Let $\mu$ and $\sigma^2$ be the mean and variance of the number of offspring of one individual.
$\mu=\Sigma_{j=0}^{\infty}jP_j$
We want $E[X_n]$
The note is as follow:
Note that $X_n = \Sigma_{i=1}^{n-1}Z_i$,where $Z_i$ is the number of offspring of the $i$th individual.

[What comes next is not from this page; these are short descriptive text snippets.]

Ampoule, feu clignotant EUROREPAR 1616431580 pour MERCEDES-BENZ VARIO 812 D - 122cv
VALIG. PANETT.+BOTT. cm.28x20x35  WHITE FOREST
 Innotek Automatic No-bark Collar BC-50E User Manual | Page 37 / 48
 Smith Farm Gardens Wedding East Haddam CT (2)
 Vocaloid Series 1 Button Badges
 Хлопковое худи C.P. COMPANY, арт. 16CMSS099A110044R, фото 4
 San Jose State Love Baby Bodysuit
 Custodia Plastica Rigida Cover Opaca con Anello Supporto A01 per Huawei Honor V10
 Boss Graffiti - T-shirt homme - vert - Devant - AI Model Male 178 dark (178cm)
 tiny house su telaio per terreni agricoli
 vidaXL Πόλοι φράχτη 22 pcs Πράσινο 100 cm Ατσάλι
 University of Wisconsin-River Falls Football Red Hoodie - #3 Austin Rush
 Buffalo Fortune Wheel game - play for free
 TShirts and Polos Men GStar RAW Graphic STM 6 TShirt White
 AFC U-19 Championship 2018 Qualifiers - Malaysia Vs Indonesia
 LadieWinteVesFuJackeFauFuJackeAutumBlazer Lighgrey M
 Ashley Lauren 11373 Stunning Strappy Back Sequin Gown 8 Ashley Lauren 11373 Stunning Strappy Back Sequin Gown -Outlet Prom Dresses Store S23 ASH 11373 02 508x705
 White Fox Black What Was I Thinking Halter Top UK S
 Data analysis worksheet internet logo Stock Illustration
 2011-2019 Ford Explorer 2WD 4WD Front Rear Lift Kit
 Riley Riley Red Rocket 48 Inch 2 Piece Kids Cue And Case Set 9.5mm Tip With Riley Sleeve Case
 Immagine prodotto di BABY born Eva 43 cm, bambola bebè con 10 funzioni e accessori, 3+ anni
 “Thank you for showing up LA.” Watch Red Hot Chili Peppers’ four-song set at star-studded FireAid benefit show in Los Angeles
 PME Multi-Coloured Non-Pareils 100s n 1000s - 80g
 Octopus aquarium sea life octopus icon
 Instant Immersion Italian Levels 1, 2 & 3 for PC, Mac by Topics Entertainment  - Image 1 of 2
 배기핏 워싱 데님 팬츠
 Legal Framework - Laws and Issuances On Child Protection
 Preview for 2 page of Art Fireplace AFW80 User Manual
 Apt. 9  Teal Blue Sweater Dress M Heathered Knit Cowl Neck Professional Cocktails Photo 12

$E(X_n) = E(E(X_n|X_{n-1})) = E(E(\Sigma_{i=1}^{n-1}Z_i|X_{n-1})) = $
$E(X_{n-1}\mu|X_{n-1}) = E(X_{n-1}\mu) = \mu$$E(X_{n-1})$
Since$X_0=1$,we get $E(X_n) = \mu^n,n=1,2,...$
How do we get from $E(E(\Sigma_{i=1}^{n-1}Z_i|X_{n-1}))$equal to$E(X_{n-1}\mu|X_{n-1}) $
Your summation upper index should be $X_{n-1}$, not $n-1$. Think about it; at time $n-1$, I have $X_{n-1}$ individuals, so each of them are going to have a $Z_i$ offsprings. Thus, if you condition on the number of individuals of the previous step, you have $X_{n-1}$ iid $Z_i$s.